The first 11 months of 2009 were great for band-specific music games.
The outstanding “Guitar Hero: Metallica” received a spring release and became one of the most underrated games of the year.
Harmonix later unveiled “The Beatles: Rock Band,” which would set the standard for band-centered music games.
But the third band-specific game that was released last year ruined the perfect streak.
“Guitar Hero: Van Halen” was easily the worst music game released in 2009, and it might be better than only the awful “Rock Revolution” in terms of current generation music games.
The game’s shortcomings didn’t really come as a shock.
I figured something was up when the game was offered free to those who purchased “Guitar Hero 5.”
It was released in stores in December, but I truly hope that those who own the game did get it for free.
Activision and Neversoft, however, shouldn’t receive all of the blame.
The developers created a game that is on par with past releases from a technical standpoint. It didn’t have all the features of “Guitar Hero 5,” but it largely offered the same gameplay experience as the Metallica and Aerosmith iterations of the game.
The larger problems stemmed from an apparent lack of cooperation from the band.

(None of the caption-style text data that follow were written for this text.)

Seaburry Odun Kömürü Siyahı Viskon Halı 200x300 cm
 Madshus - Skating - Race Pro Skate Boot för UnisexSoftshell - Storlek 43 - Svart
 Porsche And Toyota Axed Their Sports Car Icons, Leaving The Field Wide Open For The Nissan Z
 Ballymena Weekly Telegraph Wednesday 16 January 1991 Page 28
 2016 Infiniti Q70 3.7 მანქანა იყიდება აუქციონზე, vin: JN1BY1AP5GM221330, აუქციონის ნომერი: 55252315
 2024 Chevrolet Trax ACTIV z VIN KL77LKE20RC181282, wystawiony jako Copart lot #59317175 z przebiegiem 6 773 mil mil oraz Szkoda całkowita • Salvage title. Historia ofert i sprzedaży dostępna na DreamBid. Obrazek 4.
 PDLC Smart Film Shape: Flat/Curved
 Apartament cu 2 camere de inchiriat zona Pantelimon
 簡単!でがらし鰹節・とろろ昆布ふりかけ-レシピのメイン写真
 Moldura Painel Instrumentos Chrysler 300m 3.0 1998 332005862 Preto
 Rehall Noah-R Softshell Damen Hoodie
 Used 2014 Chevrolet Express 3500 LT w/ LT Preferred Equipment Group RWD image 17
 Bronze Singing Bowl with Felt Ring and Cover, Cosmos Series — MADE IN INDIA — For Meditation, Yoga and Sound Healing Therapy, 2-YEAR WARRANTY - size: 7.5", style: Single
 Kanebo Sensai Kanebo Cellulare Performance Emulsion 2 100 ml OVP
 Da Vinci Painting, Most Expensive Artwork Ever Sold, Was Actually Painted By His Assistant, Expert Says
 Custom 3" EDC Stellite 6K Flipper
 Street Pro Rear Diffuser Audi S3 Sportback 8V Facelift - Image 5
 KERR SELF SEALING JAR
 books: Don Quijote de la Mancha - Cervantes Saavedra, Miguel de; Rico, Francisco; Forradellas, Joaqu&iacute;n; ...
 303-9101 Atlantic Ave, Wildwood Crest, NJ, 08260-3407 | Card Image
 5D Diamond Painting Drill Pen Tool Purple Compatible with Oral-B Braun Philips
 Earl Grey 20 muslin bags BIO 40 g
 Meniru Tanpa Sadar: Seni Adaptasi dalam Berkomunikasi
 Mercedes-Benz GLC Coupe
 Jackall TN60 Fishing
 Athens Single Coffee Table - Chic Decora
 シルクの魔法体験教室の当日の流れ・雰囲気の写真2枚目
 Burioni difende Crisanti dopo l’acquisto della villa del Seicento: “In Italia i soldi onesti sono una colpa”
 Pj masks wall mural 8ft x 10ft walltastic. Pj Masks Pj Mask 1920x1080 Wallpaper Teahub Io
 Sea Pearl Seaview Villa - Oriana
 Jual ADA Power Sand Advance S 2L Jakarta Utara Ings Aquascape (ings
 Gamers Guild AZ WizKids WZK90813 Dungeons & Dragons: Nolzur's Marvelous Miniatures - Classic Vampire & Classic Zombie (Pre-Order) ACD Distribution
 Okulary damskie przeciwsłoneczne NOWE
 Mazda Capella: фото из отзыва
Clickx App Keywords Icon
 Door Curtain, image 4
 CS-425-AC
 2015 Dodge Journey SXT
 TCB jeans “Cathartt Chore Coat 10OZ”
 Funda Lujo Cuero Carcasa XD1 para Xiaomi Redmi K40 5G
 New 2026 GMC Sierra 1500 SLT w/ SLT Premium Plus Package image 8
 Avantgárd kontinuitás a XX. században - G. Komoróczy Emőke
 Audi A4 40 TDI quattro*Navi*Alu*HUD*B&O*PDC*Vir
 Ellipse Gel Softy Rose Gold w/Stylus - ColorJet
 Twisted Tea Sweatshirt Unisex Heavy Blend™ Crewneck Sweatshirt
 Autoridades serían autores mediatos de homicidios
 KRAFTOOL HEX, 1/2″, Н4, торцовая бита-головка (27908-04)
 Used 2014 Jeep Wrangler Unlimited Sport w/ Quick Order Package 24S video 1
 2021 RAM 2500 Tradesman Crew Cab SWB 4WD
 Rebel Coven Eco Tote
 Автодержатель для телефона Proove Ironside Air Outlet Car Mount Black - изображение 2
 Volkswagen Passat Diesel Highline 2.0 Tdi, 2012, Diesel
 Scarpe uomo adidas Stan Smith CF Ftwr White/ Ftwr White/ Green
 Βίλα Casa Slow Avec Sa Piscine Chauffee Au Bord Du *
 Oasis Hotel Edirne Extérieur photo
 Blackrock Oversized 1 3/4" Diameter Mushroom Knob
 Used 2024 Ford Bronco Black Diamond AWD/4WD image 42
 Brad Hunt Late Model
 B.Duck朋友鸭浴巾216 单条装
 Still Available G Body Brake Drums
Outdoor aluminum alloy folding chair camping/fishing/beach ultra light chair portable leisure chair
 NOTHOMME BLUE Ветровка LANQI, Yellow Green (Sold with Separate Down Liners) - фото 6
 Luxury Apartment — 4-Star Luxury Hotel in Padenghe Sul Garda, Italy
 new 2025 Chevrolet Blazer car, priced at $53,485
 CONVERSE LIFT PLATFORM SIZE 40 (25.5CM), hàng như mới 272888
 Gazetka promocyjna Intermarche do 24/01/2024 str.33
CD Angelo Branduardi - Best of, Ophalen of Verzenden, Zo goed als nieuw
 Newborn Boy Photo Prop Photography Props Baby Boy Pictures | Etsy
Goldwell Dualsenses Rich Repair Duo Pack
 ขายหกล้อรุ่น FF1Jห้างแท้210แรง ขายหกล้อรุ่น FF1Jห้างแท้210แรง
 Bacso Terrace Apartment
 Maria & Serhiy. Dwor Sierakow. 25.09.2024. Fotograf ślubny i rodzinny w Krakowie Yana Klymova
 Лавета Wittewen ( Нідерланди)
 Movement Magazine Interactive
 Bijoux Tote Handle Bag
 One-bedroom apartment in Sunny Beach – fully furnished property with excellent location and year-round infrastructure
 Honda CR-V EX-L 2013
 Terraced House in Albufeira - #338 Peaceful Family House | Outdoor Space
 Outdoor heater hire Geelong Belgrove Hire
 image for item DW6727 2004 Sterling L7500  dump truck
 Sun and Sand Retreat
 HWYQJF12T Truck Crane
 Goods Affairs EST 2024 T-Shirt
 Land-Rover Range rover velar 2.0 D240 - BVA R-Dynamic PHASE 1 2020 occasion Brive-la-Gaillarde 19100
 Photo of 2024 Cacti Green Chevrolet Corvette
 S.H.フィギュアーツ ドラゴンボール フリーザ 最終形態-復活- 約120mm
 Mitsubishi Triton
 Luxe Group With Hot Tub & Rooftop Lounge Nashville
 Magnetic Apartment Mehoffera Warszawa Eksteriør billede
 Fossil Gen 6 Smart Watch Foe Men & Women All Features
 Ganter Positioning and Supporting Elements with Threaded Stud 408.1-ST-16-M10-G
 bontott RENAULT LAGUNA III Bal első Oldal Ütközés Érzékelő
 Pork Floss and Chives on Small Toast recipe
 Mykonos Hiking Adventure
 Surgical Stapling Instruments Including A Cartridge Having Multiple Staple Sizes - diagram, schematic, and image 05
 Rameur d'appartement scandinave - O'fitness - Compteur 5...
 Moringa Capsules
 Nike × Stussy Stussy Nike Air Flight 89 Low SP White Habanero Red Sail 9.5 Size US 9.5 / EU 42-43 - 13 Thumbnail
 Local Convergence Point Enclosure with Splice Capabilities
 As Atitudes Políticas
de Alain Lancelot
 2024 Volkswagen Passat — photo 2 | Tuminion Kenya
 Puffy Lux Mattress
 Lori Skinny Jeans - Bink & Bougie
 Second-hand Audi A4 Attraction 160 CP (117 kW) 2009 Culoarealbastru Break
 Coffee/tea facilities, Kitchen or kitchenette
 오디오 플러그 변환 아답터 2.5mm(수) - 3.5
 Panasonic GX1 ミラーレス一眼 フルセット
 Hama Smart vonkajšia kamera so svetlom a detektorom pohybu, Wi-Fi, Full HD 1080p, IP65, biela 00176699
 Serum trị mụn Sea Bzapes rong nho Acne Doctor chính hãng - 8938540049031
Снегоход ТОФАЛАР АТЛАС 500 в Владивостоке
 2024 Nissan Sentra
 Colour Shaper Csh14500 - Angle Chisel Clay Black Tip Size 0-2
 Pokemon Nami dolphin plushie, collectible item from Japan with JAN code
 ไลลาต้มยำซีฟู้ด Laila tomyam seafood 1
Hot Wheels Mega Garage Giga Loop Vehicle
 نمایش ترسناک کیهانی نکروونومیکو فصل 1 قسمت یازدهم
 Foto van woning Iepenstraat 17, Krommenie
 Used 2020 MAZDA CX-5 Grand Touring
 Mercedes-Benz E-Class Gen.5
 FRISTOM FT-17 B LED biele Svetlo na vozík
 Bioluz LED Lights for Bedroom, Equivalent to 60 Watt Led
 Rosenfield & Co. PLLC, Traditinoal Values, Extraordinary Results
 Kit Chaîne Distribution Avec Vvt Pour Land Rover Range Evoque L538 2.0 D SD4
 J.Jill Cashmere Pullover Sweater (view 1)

Van Halen appears to contribute just enough to get the game released. There are no behind-the-scenes features or videos of the band. Both the Aerosmith and Metallica games featured famous venues from the bands’ history, but that feature is absent here.
Only half the songs are actually Van Halen tracks. Grouped alongside the band’s tracks are songs from bands like Fountains of Wayne, Third Eye Blind and Jimmy Eat World. Regardless of how anyone feels about those bands, most would agree that Van Halen’s contemporaries would be better suited as guest stars.
Also, all the Van Halen tracks are from the David Lee Roth-era. The game ignores the contributions of former members, particularly Sammy Hagar and Michael Anthony. Hagar had plenty of noteworthy songs with the band, and they would certainly fit in better than ones from Alter Bridge and Yellowcard.
The game has a hastily contrasted career mode that offers nothing special aside from playing the songs from the set list.
Expecting bands to contribute as much time and input as Metallica and The Beatles did might be asking a bit much. But they should at least contribute something. Their name is on the game, after all.